If you offered your house for sale at $2 million, it would never sell (or it would remain on the market until inflation caught up with your price). If you asked $100 for it, you’d have a sale before your advertisement even hit the papers. (The supervisor of the newspaper’s classified ad department would be at your door five minutes after you called.)
So you need only search for the figure, somewhere between $100 and $2 million, that will attract buyers and at the same time bring you the most money. One point is clear: If you can sell for $100 in five minutes, and for $2 million in 20 years, obviously time and money are related in real estate sales.

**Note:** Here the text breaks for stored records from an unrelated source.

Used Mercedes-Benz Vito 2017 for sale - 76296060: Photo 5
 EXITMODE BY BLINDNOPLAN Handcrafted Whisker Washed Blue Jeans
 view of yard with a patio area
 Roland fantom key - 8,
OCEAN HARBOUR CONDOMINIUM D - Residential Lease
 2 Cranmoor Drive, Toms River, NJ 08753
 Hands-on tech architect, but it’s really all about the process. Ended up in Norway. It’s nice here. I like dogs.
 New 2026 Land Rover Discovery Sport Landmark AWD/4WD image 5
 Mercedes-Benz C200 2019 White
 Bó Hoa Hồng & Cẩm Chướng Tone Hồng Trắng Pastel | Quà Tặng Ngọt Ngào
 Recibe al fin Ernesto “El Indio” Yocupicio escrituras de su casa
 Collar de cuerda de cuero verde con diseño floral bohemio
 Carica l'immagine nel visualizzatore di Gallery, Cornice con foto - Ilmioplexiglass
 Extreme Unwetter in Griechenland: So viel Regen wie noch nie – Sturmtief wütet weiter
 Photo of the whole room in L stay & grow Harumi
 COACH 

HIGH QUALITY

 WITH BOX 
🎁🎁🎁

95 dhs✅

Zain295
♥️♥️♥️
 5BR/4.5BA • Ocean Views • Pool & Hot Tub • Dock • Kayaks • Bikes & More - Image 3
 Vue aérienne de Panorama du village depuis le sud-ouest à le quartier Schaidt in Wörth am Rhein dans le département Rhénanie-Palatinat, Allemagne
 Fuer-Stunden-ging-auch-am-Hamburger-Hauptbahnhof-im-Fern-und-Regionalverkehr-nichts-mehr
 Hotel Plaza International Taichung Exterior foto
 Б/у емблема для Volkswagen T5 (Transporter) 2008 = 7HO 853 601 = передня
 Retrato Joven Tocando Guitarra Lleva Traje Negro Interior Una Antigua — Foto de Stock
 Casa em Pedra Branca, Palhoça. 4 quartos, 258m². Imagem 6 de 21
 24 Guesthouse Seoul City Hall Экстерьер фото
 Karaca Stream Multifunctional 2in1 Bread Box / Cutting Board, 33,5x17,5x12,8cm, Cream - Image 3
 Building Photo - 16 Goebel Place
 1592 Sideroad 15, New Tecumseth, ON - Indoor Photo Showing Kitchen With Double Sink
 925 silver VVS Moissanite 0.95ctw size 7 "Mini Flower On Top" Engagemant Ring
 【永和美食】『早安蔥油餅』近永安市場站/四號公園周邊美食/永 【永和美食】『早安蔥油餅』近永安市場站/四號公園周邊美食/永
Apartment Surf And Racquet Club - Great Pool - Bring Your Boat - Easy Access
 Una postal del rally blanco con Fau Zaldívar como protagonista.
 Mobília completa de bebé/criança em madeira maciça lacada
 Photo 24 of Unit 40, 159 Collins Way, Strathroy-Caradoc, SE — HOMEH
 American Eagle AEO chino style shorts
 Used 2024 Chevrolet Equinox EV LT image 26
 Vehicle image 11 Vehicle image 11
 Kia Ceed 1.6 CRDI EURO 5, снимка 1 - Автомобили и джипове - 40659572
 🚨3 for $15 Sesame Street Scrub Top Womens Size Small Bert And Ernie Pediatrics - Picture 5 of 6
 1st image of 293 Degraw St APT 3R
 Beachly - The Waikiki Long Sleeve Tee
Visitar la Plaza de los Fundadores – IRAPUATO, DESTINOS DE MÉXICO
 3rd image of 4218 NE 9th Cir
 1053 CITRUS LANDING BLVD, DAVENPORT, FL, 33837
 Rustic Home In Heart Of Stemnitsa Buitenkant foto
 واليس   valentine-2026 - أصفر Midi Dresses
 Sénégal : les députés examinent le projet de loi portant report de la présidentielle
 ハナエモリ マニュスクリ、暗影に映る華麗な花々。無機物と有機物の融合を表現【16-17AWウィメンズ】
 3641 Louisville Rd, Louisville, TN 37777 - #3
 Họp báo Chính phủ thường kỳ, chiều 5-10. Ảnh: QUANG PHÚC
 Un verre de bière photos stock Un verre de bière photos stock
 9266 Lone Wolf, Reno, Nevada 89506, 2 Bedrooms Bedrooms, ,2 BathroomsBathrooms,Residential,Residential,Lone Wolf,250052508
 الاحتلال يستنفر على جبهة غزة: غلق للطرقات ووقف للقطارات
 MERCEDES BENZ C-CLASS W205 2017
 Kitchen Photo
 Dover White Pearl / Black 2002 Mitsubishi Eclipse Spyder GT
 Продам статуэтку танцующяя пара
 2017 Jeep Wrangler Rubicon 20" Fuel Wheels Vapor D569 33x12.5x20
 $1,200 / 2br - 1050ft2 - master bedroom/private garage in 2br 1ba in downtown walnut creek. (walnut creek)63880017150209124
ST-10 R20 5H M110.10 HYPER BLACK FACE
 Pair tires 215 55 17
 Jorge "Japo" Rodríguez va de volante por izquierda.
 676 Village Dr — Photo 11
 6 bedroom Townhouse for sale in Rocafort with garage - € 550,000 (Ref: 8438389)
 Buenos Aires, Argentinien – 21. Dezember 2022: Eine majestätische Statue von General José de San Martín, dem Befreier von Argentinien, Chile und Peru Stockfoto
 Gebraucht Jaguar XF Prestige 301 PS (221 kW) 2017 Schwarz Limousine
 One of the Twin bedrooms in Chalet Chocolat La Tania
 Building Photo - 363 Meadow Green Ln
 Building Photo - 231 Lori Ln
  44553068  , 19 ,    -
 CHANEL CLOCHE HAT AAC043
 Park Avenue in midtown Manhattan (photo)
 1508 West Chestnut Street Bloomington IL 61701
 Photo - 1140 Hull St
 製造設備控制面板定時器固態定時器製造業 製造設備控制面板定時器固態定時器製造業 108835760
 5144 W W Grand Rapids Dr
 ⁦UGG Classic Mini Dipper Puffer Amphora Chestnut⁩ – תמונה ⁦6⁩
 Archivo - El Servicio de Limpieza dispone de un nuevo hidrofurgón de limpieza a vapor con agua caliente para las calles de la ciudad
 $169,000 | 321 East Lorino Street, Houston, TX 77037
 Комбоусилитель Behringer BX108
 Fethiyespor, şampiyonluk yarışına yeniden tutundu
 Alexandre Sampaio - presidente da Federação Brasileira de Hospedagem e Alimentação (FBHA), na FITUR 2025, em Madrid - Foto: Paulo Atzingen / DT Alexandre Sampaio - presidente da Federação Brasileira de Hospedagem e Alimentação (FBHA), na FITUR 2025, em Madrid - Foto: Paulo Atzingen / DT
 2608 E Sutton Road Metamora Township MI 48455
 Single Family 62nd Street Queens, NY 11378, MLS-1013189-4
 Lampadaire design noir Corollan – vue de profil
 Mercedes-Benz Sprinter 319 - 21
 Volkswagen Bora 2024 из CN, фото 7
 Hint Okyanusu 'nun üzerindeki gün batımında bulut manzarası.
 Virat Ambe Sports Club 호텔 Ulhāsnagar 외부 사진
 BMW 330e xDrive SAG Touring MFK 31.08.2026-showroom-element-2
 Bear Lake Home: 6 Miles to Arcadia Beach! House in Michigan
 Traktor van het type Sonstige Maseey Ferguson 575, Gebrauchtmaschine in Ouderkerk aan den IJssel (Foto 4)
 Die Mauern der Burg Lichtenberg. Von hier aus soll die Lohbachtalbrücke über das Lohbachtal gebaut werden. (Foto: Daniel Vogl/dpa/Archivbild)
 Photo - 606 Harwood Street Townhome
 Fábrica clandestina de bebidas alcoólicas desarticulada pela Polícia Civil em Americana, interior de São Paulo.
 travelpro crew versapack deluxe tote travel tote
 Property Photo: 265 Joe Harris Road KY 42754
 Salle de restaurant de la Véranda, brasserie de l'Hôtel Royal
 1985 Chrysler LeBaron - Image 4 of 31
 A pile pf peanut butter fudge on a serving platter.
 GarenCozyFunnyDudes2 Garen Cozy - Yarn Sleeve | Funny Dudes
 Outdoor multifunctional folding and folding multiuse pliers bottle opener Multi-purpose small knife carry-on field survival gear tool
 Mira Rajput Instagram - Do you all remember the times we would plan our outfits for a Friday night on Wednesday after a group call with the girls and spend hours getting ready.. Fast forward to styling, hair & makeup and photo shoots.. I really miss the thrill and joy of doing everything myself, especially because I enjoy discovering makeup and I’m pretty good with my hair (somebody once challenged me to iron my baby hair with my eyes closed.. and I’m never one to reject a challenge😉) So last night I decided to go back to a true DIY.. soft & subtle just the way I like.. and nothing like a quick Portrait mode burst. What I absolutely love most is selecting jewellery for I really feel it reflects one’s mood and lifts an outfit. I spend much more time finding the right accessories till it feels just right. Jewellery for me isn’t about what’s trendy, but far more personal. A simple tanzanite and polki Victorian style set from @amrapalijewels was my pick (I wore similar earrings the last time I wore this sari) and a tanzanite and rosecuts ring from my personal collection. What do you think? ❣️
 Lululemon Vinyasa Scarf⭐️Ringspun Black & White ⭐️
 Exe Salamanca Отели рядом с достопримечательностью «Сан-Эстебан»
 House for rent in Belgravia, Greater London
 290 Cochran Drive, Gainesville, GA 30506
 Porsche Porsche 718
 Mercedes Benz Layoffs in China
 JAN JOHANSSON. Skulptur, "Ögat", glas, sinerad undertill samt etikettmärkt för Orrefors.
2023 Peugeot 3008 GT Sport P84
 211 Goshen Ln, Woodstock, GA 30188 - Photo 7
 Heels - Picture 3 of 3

If you are under no pressure to sell, you have the luxury of exploring the market, experimenting with price, and accepting an offer without pressure. This process is likely to yield the highest price.
If, on the other hand, you are working under a deadline, a no-nonsense price, slightly under true market value, will bring immediate action. When such a listing comes through the daily computer printout, one agent, idly reading, says to another, “Listen to this. A three-bedroom house in Suburban Heights for $270,000.” And the other says, “Aren’t they going around three hundred over there? Won’t last.” Both reach for the phone to give the news to penny-pinchers they’ve been working with. The scene is repeated in any number of MLS offices, and that’s one way houses are sold in a day.
A one-day sale, though, does not meet the standards set for fair market value of property. The concept of fair market value comes from the field of appraising.
Fair market value has been defined as the most probable price a property will bring if it has been widely exposed on the market, if sufficient time is allowed to find an informed buyer, and if neither party is under undue duress.
Pricing your property involves an attempt to estimate fair market value, depending on circumstances.